Classifications

• • G—PHYSICS
  • G10—MUSICAL INSTRUMENTS; ACOUSTICS
  • G10C—PIANOS, HARPSICHORDS, SPINETS OR SIMILAR STRINGED MUSICAL INSTRUMENTS WITH ONE OR MORE KEYBOARDS
  • G10C9/00—Methods, tools or materials specially adapted for the manufacture or maintenance of musical instruments covered by this subclass
• • G—PHYSICS
  • G10—MUSICAL INSTRUMENTS; ACOUSTICS
  • G10D—STRINGED MUSICAL INSTRUMENTS; WIND MUSICAL INSTRUMENTS; ACCORDIONS OR CONCERTINAS; PERCUSSION MUSICAL INSTRUMENTS; AEOLIAN HARPS; SINGING-FLAME MUSICAL INSTRUMENTS; MUSICAL INSTRUMENTS NOT OTHERWISE PROVIDED FOR
  • G10D3/00—Details of, or accessories for, stringed musical instruments, e.g. slide-bars
  • G10D3/22—Material for manufacturing stringed musical instruments; Treatment of the material
• • G—PHYSICS
  • G10—MUSICAL INSTRUMENTS; ACOUSTICS
  • G10D—STRINGED MUSICAL INSTRUMENTS; WIND MUSICAL INSTRUMENTS; ACCORDIONS OR CONCERTINAS; PERCUSSION MUSICAL INSTRUMENTS; AEOLIAN HARPS; SINGING-FLAME MUSICAL INSTRUMENTS; MUSICAL INSTRUMENTS NOT OTHERWISE PROVIDED FOR
  • G10D9/00—Details of, or accessories for, wind musical instruments
  • G10D9/08—Material for manufacturing wind musical instruments; Treatment of the material

Definitions

• the invention relates to a method for improving the sound of musical instruments. It relates in particular to a method for reducing the sound output and / or for reducing energy storage effects of the passive range of musical instruments. Finally, the invention also provides a novel musical instrument.

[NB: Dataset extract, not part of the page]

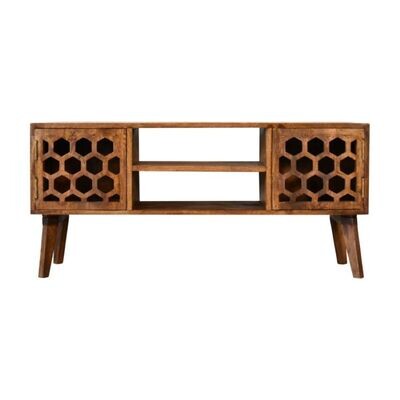 To go with our Hive cabinet, or by itself, this Media Unit has all the space you need for a television, streaming stuff, games console and two cupboards for everything else.  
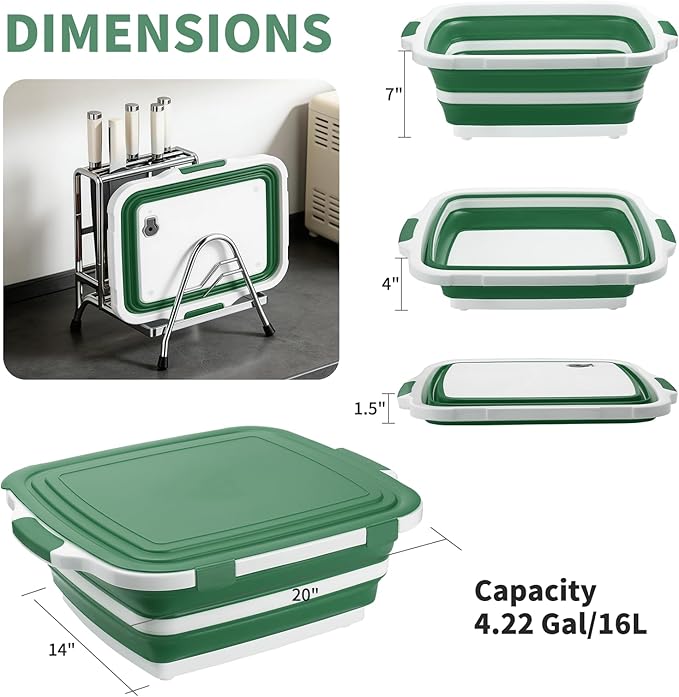 Collapsible BBQ Prep Tub for Meal Prep MarinatingFood Storage picnics camping barbecuescutting fruits and vegetables - Includes Cutting Board and Locking Lid(X-Large) Green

• the term "passive region" of a musical instrument is to be understood as meaning those components or regions of components which are not directly required for the production of sound, for example in the case of a grand piano or piano the cast plate on which the strings are mounted in the case of a violin the neck, in a timpani the corpus on which the membrane is mounted, etc.

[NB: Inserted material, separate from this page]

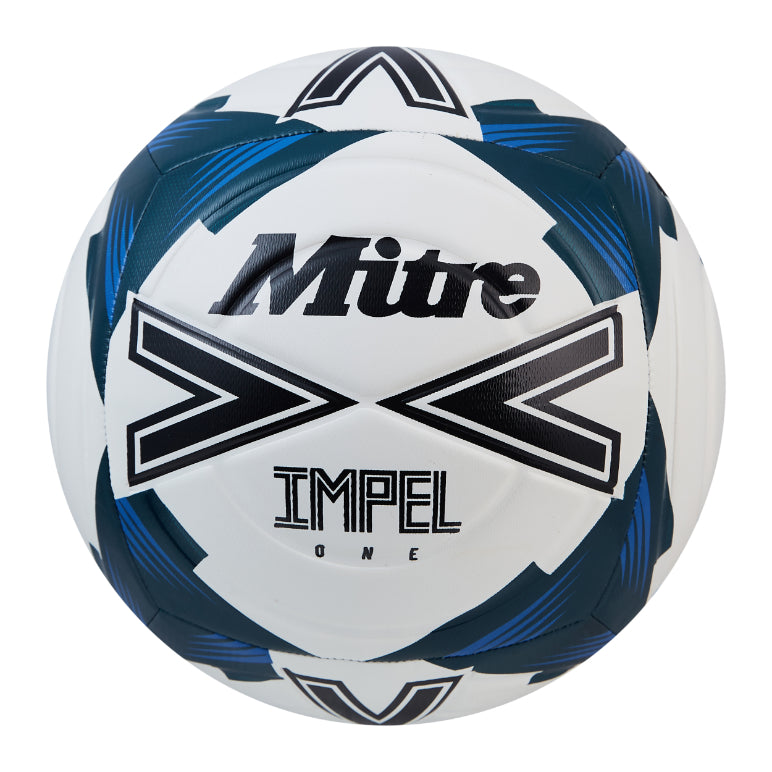 The Mitre Impel One Football by Mitre is a durable white ball with bold black and blue geometric patterns, prominently branded and designed for cushioned control—perfect for training sessions.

• Sound event "and" secondary sound event are used below and should be understood as follows:
• a primary sound event is one that is triggered by the vibrations of the components of the active area or the active area of a component, in other words the actually intended in the foreground for the sound of the musical instrument wanted sound event.
• a secondary sound event however, the sound event generated by vibrations or vibrations of the components of the passive range of the musical instrument is here understood, which co-determines the overall sound by superposition with the primary sound event.
• the soundboard 13 is sound conducting with the rest of the body (casement 6 and wall 7), and in this way with all the components of the instrument connected. This means that all parts of the instrument are affected by the primary sound event, i. be excited by the vibrations of the active region consisting of strings, bridge 14 and sound board 13, to resonate.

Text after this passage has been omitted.